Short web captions
• • • • • • •

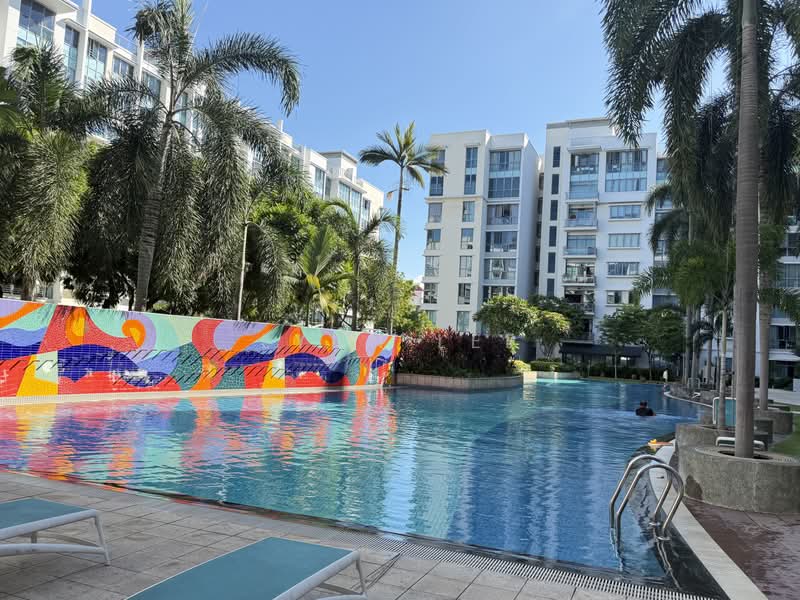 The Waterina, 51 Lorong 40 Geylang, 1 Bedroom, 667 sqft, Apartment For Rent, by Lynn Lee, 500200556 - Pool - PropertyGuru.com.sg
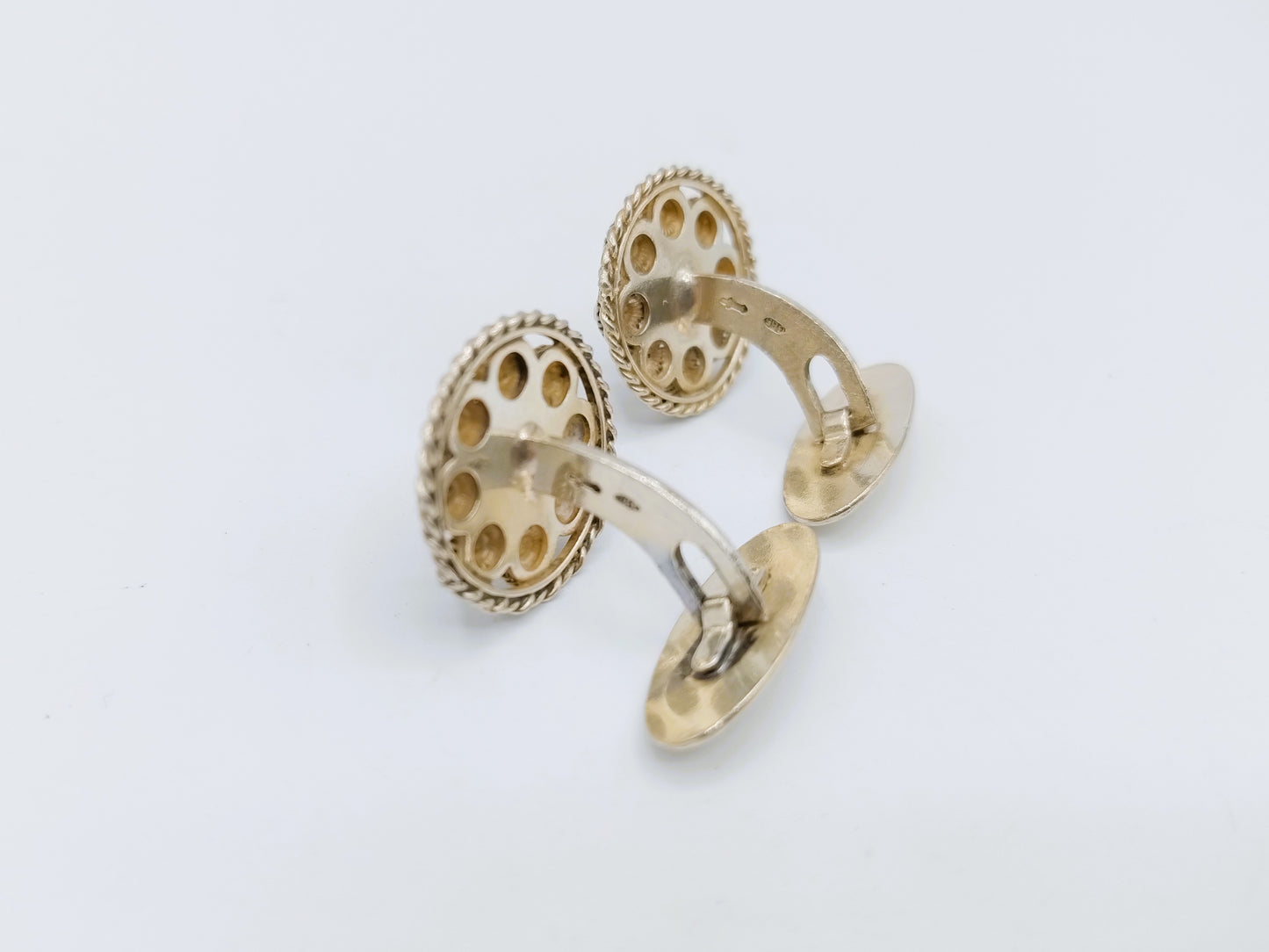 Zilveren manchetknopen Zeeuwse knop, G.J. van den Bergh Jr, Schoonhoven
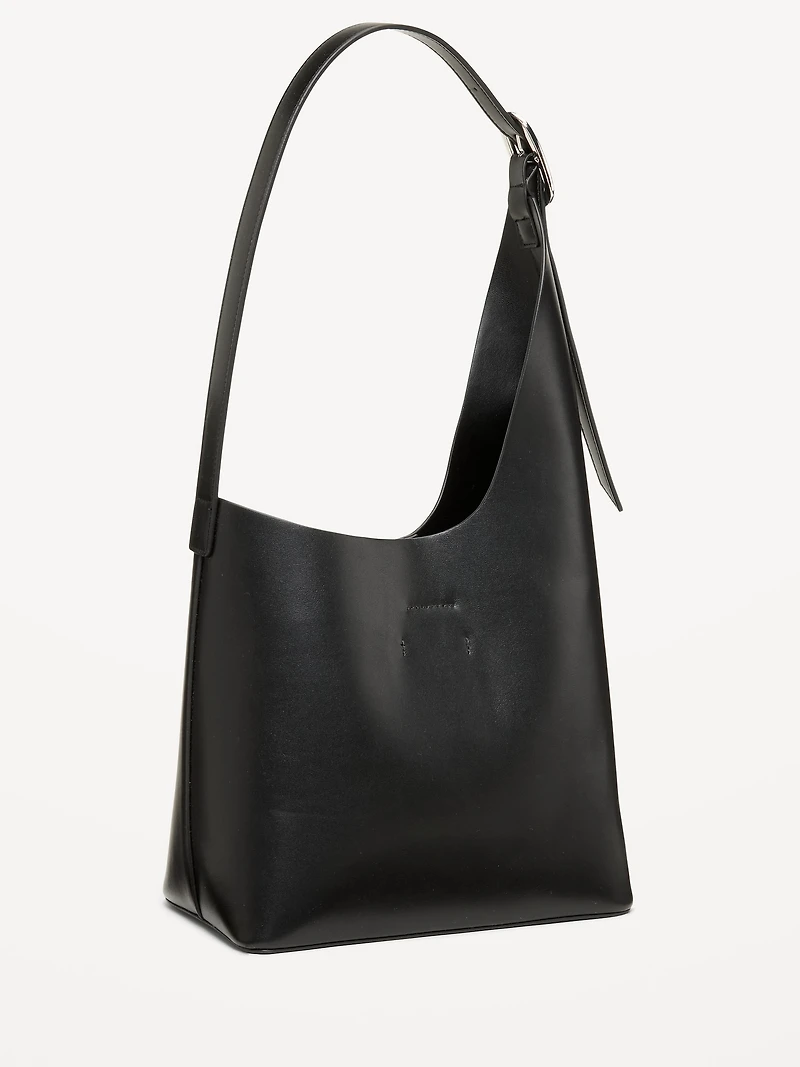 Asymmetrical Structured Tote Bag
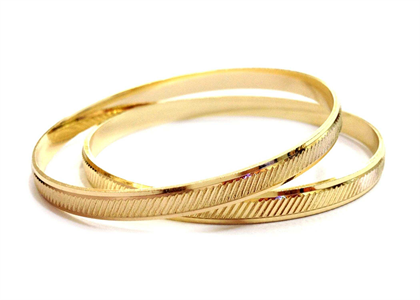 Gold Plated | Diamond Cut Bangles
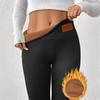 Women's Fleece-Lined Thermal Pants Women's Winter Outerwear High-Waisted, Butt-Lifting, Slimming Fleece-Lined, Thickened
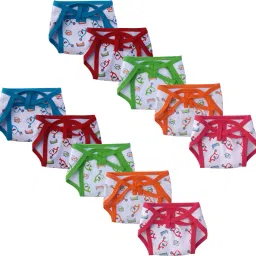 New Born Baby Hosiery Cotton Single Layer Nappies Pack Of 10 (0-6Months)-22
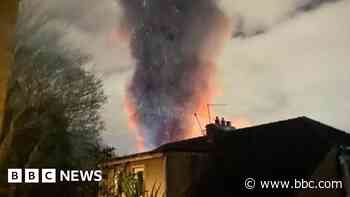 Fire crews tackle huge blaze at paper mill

• • • • • • •

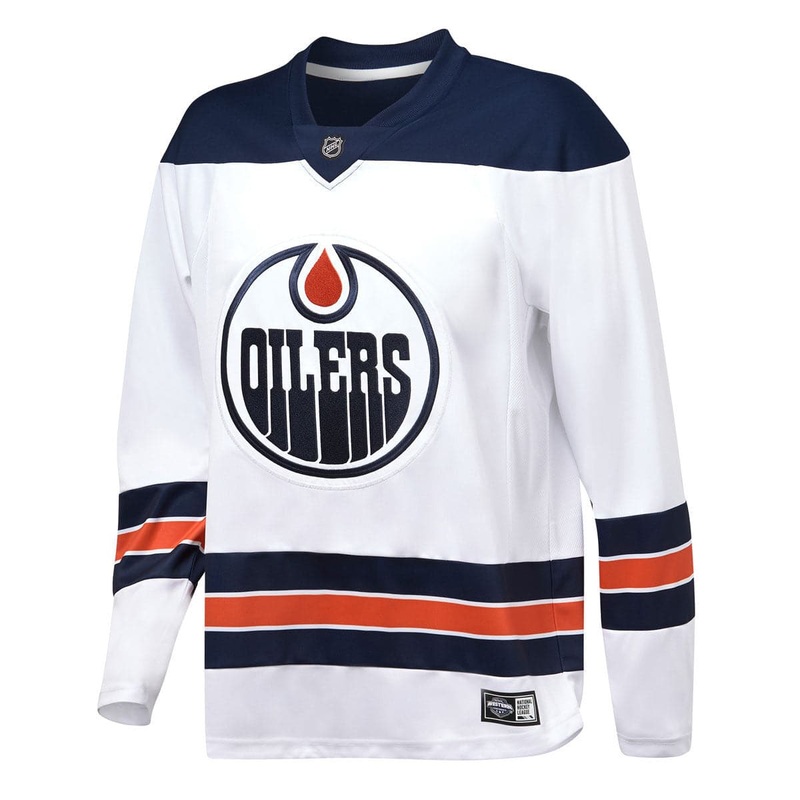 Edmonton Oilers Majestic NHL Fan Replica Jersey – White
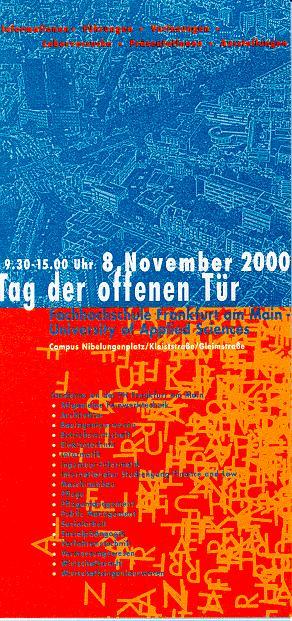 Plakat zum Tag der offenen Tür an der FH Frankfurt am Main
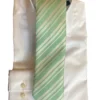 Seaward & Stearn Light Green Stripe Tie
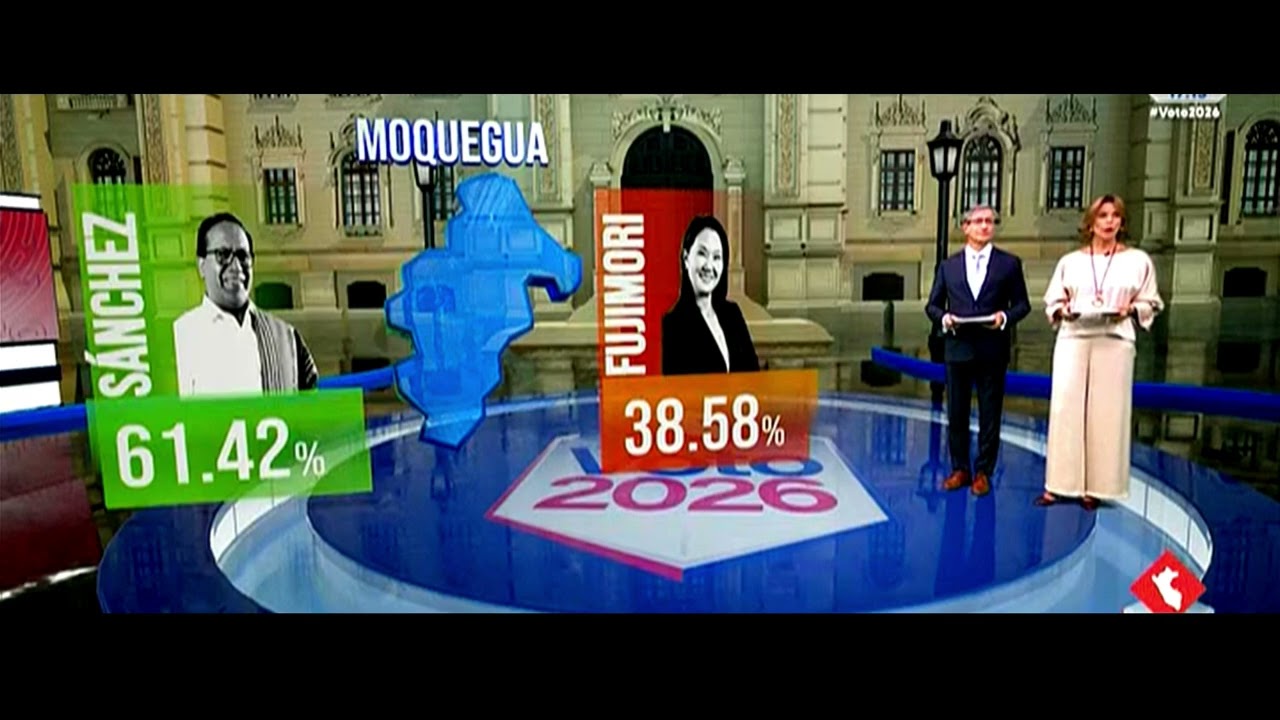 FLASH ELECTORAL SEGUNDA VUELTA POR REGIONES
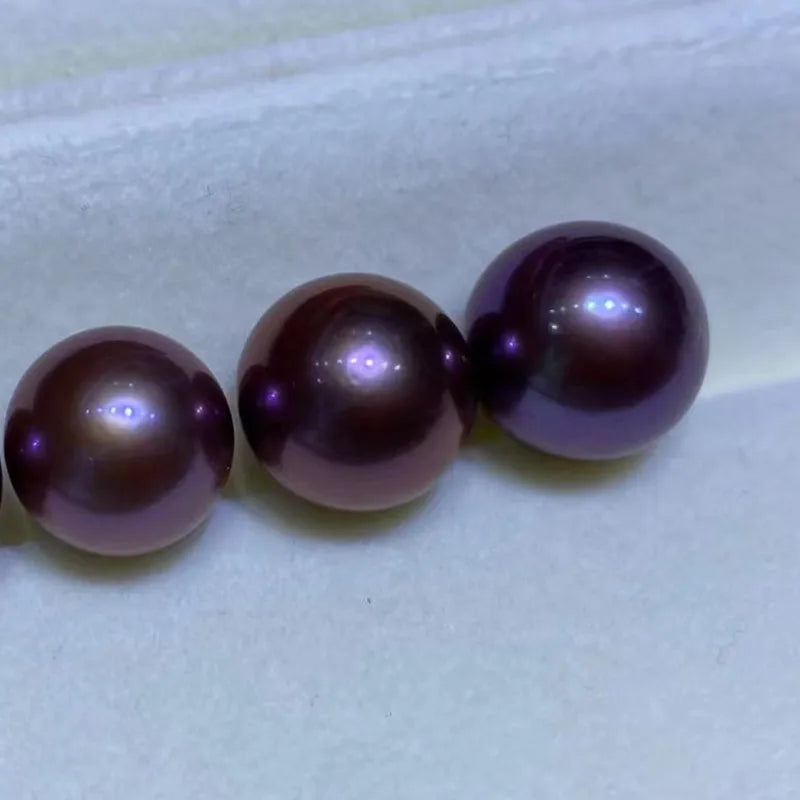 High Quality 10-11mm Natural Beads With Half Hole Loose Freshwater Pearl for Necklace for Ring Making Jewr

• • • • • • •

§ **Task description**
Reproduce the data above exactly, but only from the line containing "FLASH ELECTORAL SEGUNDA VUELTA POR REGIONES" through the line containing "High Quality 10-11mm". Omit all pictures.

§ **Written reply**
 FLASH ELECTORAL SEGUNDA VUELTA POR REGIONES
 High Quality 10-11mm Natural Beads With Half Hole Loose Freshwater Pearl for Necklace for Ring Making Jewr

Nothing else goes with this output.